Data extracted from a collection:
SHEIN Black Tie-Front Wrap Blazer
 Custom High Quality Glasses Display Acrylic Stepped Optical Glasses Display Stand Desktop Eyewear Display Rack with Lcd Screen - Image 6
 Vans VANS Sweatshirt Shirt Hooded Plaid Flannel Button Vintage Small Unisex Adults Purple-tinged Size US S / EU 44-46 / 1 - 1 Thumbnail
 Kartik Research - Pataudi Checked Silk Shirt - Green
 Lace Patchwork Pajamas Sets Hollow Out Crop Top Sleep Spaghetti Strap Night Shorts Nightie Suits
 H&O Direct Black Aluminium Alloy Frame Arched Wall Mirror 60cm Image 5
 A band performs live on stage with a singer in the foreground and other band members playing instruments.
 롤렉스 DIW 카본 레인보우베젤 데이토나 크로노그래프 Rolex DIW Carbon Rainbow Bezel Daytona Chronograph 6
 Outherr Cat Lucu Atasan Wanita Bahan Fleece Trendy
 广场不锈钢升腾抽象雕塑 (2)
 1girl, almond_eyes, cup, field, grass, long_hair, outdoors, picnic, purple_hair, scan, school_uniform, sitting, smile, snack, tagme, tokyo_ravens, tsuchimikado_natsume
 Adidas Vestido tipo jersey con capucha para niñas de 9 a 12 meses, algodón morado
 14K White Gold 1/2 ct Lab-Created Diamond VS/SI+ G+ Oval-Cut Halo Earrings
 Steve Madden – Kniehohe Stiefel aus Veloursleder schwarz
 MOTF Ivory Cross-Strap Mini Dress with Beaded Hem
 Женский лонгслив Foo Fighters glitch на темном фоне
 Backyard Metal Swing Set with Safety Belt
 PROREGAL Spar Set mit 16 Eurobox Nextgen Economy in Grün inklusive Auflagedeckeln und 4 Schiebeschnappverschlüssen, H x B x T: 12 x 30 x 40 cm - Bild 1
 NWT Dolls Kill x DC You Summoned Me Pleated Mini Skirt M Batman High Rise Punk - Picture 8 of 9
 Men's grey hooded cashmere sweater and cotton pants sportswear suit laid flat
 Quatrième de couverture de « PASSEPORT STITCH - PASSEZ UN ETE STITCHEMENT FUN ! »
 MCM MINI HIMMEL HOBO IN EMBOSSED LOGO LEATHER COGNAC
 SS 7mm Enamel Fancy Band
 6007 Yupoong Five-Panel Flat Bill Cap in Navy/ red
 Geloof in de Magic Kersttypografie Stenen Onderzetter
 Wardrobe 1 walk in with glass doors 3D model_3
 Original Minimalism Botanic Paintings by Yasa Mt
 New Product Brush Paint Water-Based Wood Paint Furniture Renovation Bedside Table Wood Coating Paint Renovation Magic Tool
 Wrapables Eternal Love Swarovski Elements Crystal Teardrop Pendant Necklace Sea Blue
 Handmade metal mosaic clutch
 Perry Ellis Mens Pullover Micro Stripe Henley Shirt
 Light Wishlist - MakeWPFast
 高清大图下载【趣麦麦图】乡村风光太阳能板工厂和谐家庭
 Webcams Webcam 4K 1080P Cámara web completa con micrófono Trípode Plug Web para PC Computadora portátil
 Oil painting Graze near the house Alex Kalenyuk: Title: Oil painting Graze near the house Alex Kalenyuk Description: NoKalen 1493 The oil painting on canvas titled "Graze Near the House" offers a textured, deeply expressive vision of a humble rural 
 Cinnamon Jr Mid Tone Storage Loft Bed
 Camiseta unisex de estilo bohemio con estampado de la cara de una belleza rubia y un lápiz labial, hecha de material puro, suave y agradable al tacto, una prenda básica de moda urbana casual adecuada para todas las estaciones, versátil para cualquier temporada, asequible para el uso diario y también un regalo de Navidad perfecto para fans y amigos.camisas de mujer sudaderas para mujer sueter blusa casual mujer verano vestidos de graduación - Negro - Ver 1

Exercise directions: Among the records above, repeat exactly the line with "A band performs", the line with "Outherr Cat Lucu", and every line in between, and only those.

Answer for the task:
 A band performs live on stage with a singer in the foreground and other band members playing instruments.
 롤렉스 DIW 카본 레인보우베젤 데이토나 크로노그래프 Rolex DIW Carbon Rainbow Bezel Daytona Chronograph 6
 Outherr Cat Lucu Atasan Wanita Bahan Fleece Trendy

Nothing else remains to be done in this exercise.